On the day that day was first suggested … well, had I consulted the old Magic 8 Ball first, it almost certainly would have said, “Outlook not so good.”

It’s not that our love story didn’t start perfectly. It did. I don’t recall that Susan was expecting our first kiss. Or, even, that she wanted it. I do remember that she kissed me back. And that she kissed me for some time. And that she kissed me in a gently passionate manner that convinced me, on the spot, that I wanted to continue kissing those lips for the rest of my life.

I was heels over head

that moment forward. I could have proposed marriage to her at that moment proper, that’s how convinced I was that Susan was “the one.” I didn’t, of course.

In fact, I waited two whole months to pop the question.

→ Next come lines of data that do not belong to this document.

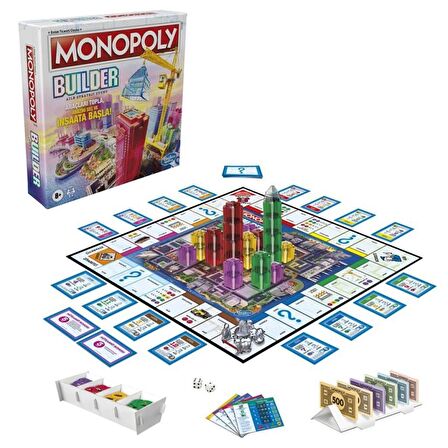 Nessiworld Monopoly Builder F1696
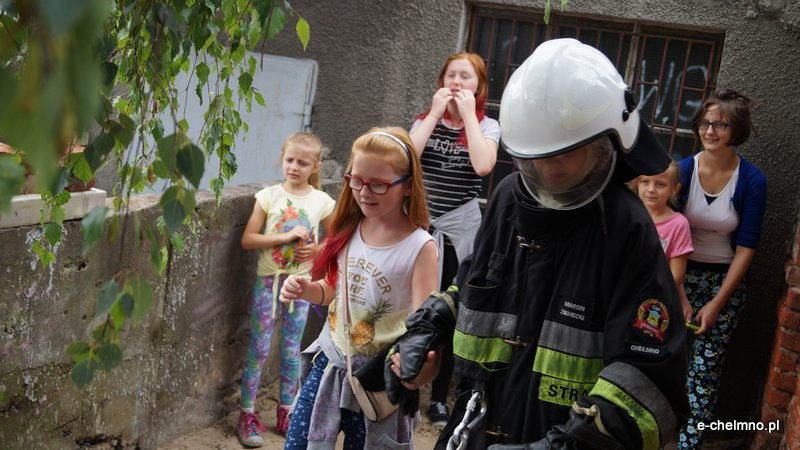 Profilaktyczny Czwartek ? OSP dzieciom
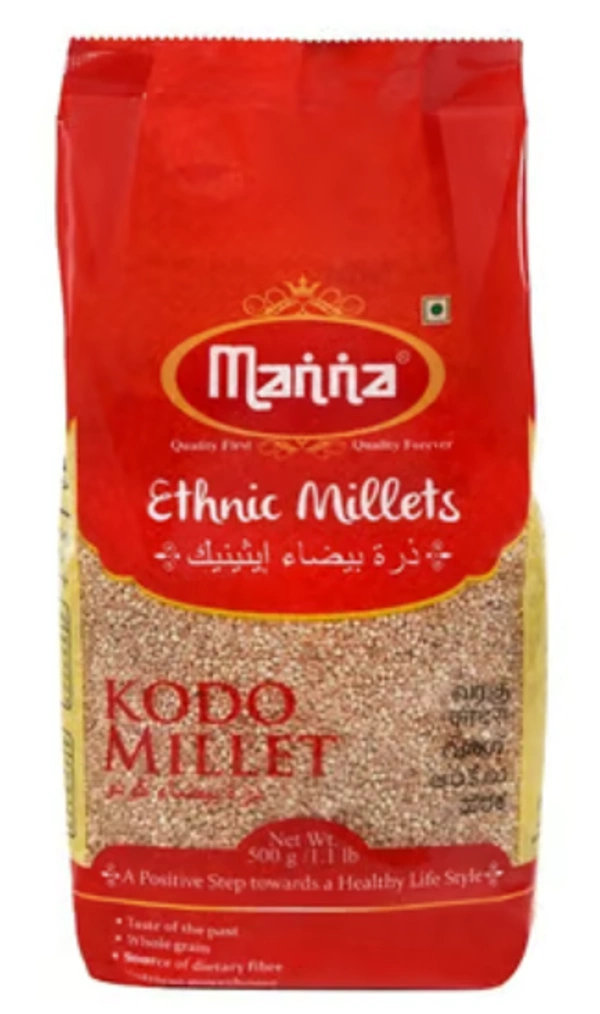 Manna Ethnic Millets Kodo Millet - 500gm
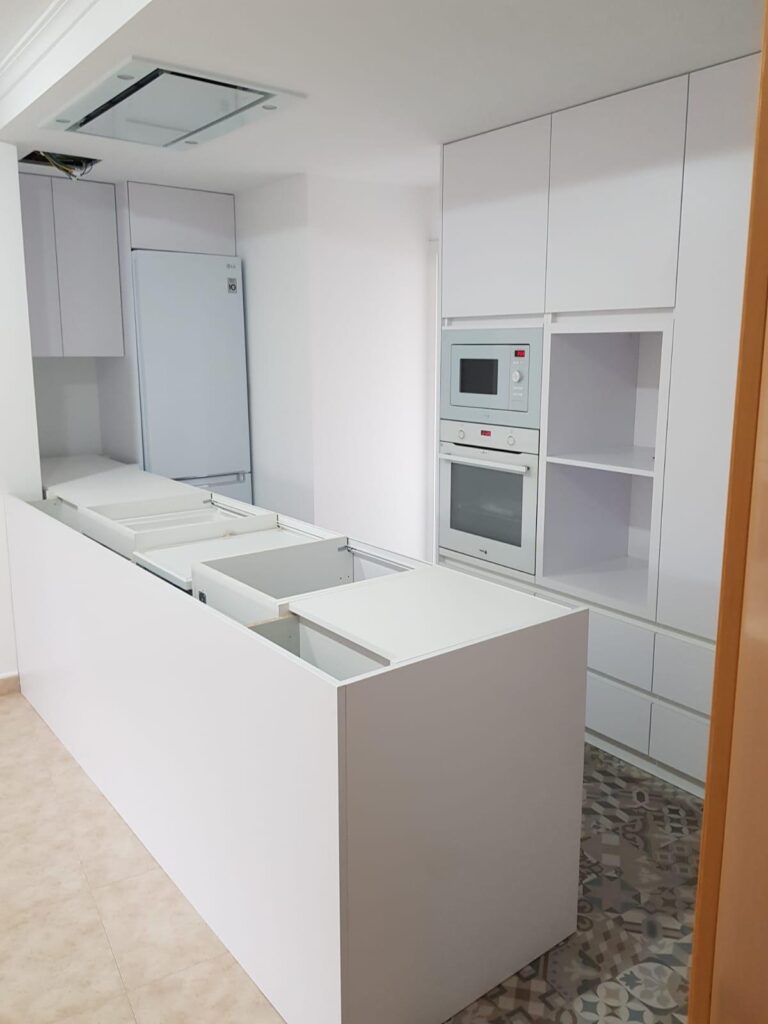 Cocinas a medida en Benidorm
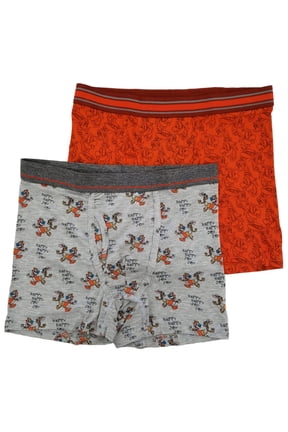 Mens 2-Pack Ren & Stimpy Nicktoons Underwear Boxer Briefs S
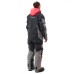 Комбинезон мужской Dragonfly Extreme 2.0 Man Black - Red - Grey 2024, мембрана, черный, размер XL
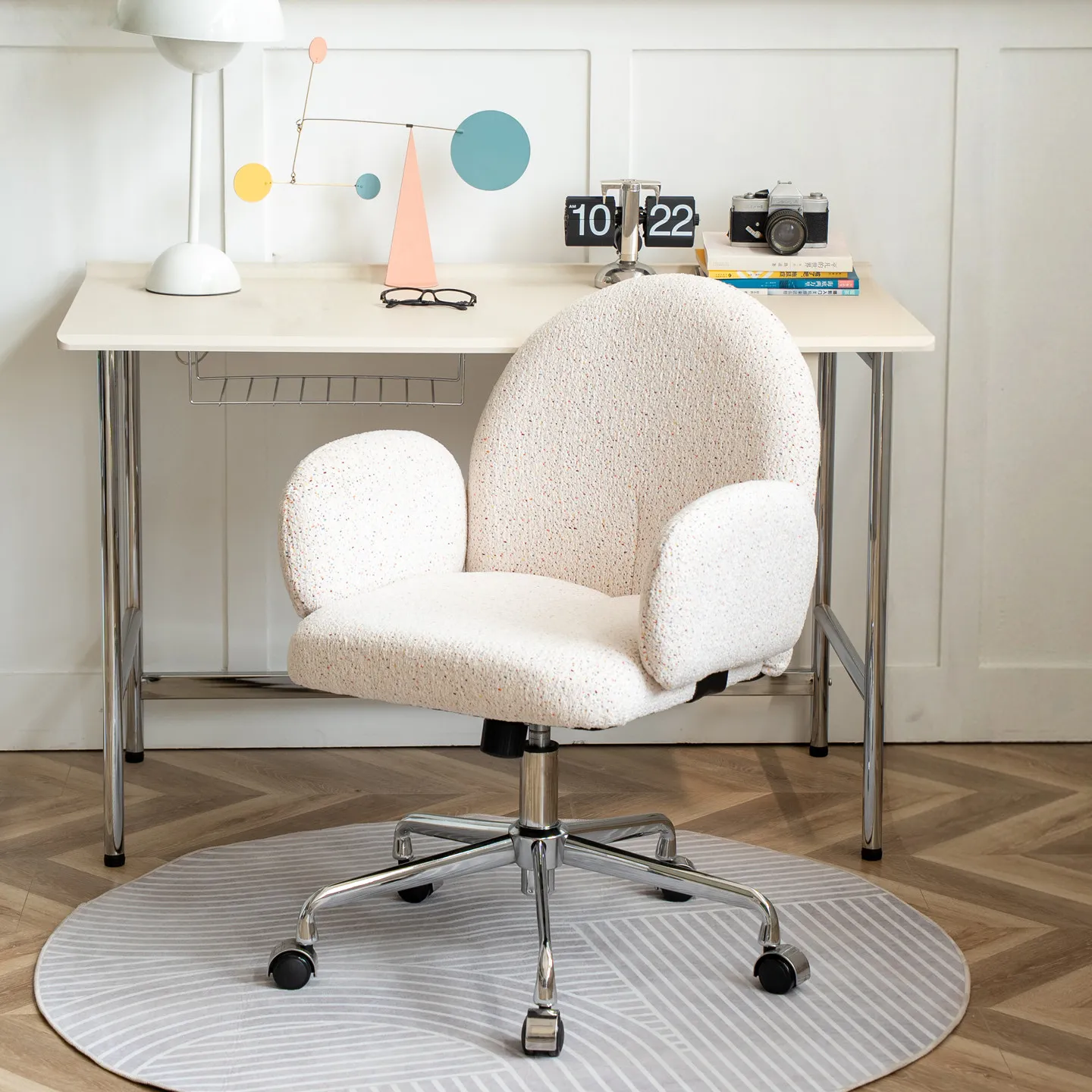 Luxury Ergonomic Gaming Swivel Office Chair Designer Comfortable Rolling Office Chair Recliner Chaise Bureau Home Furniture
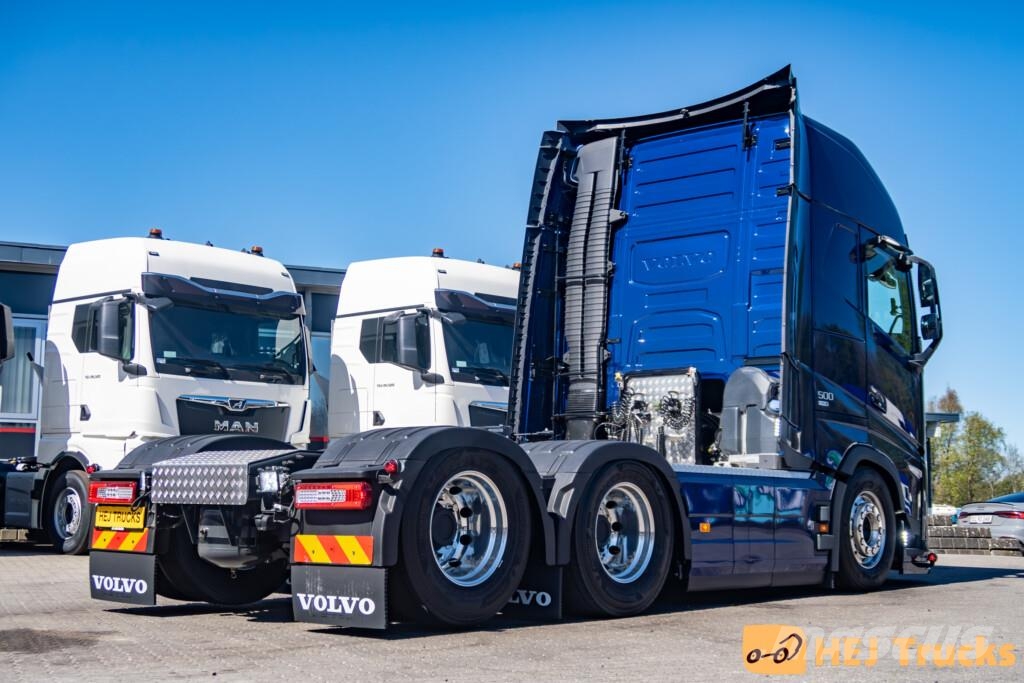 Volvo FH13-500 Aero 6x2 m. Hydraulik |New|Hydraulics|Ret وحدات الجر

The details of that experience are a bit sketchy, nearly 38 years later, but the gist was this: My heart was racing uncontrollably as I mustered the nerve to coax the four magic words from my mouth. After what was likely the longest pause in the history of long pauses, she uttered her brief response. Historically, of course, there are two brief responses:

“yes” or “no.”

She said neither.

You see, Susan, by nature, was – and is – deliberate. She considers options, weighs reward against risk, sees the “BigPicture” far better than most. And her big picture answer was …

“Probably.”

For the record, “probably” wasn’t on the ballot I had etched in my brain that night. And it certainly didn’t segue to the celebration I’d also plotted. So, instead, we simply wound up on a couch watching a romantic comedy, toward the end of which the hero told the heroine he had a question he wanted to ask her. I remember thinking, “What are the odds?”

Wait – it gets better.

Sure enough, the star actor asked the star actress if she would marry him. Sure enough, she paused longer than any guy would like. And then she said …

And I’ll put my right hand on a Bible, if you ask me to, just to verify that I am telling the truth here …

“Probably.”

I decided at that very moment that fate was on my side. Every Aug. 2 since that one in 1980 simply confirms it.